The reader should keep various limitations in mind while referring the manuscript such as

  • Expert panel owns the chance of human error when making the judgments over the prescriptions evaluated through best available evidence resulting in incomplete conclusions.
  • The interactions rated by the expert panel consisted of both those derived from a systematic review of the compendia as well as from individual members.
  • Readers should remember that these interactions represent a selected set of all possible DDIs. In addition to those we identified for the hospital pharmacy setting, other interactions are also clinically important and should be prevented.
  • We also did not include every drug-reference book or information source that contains information about DDIs. We explicitly chose those compendia that were believed to be most commonly used by health care professionals to determine whether an interaction exists.
  • Finally, the 13 DDIs that were deemed to be clinically important have not been systematically evaluated in terms of health outcomes and expenditures.
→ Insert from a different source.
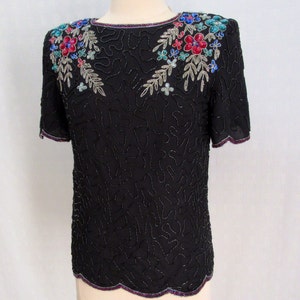 Beaded Top, Sequin Top, Vintage, Glitzy, Bright Multi on Black, Sequins, Scalloped Edge, Evening Cocktail, Night Out, Size S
Using an expert panel and a standard evaluation tool, we identified 13 drug interactions deemed to be clinically important and likely to occur in the hospital pharmacy settings. These interactions represent a subset of all interactions that have been noted by drug interaction compendia as being of high severity or major importance. We encourage pharmacists to take steps to prevent patients from receiving these interacting medications and computer software vendors to focus interaction alerts on these and similarly important DDIs. To achieve this, academics from Pharmacy institutes should train the undergraduates in a way that they should become the active member of society practicing the profession with clarity of mind and professionalism. We claim that this manuscript is one such example.

Conflict of Interest

The authors claim no conflict of interest.


Authors want to acknowledge support and guidance provided by Dr. Shaukat Muttaqi, (Pharmacist at Dow University of Health Sciences during the conduct of study).

Author’s Contribution

Muhammad Zeeshan Mansoor, Sara Mansoor Ali Khan, Syed Saad Hussain, and Saima Mahmood Malhi took initiative to design and report the study. Syed Zain Raza Rizvi, Alifya Aun Ali, Syeda Mashal Zehra Zaidi, and Hafiz Ammar Muhammad Alam, in addition to, Muhammad Zeeshan Mansoor, Sara Mansoor Ali Khan,and Syed saad Hussain actively participated in ward rounds, data collection, evaluation and report formation. Dr. Saima Mahmood Malhi and Dr. Shazia Jamshed critically reviewed the manuscript and proof read the article for final submission.